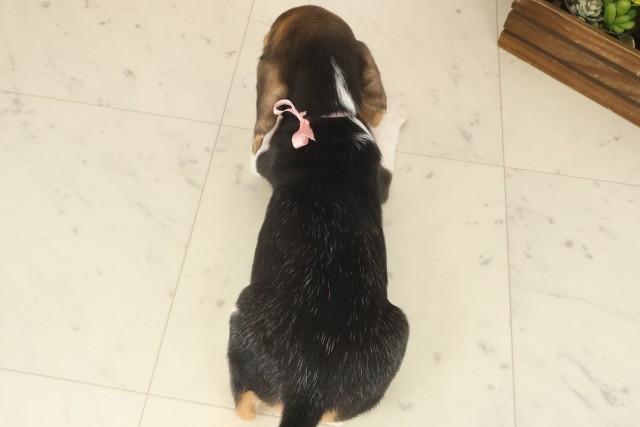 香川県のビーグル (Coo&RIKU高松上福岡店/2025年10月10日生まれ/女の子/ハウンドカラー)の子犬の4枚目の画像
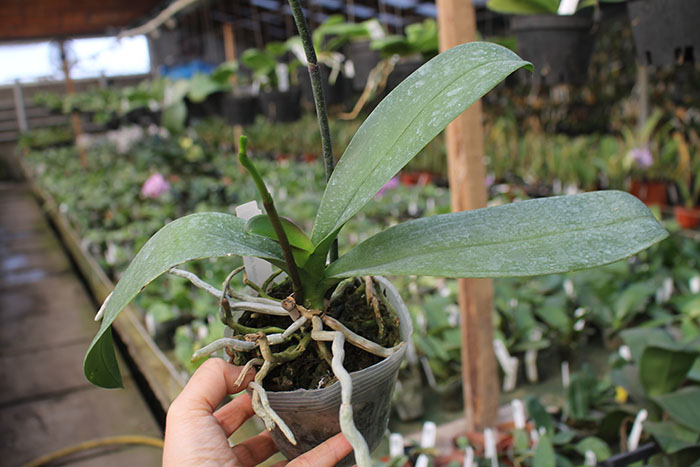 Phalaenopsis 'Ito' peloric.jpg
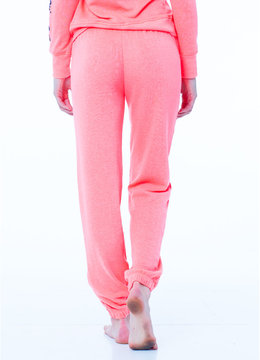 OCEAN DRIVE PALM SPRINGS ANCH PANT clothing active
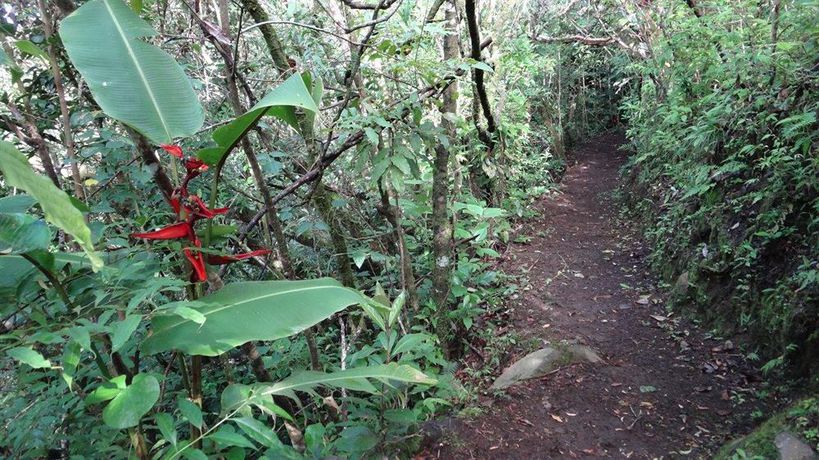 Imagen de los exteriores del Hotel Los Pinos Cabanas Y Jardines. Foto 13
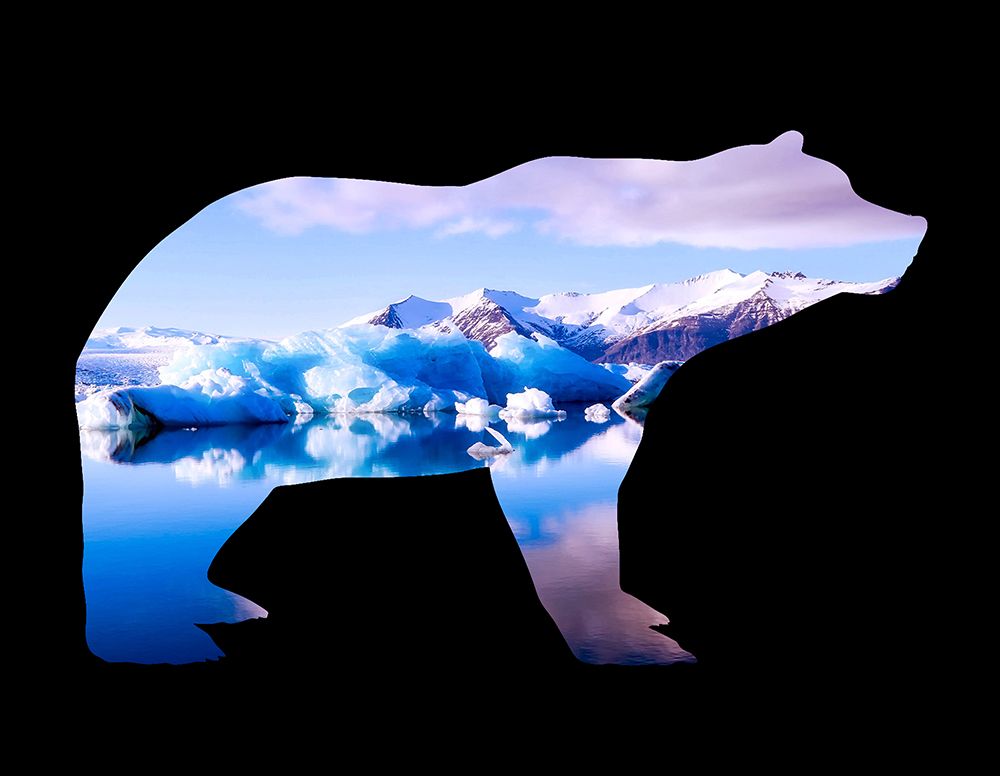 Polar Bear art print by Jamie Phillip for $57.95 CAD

==

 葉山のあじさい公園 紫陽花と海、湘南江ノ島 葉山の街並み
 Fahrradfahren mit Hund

#### Exercise aim:
An exact copy of the lines above between the line holding "葉山のあじさい公園 紫陽花と海、湘南江ノ島 葉山の街並み" and the line holding "Fahrradfahren mit Hund", inclusive, is the whole answer.

#### Output of the task:
 葉山のあじさい公園 紫陽花と海、湘南江ノ島 葉山の街並み
 Fahrradfahren mit Hund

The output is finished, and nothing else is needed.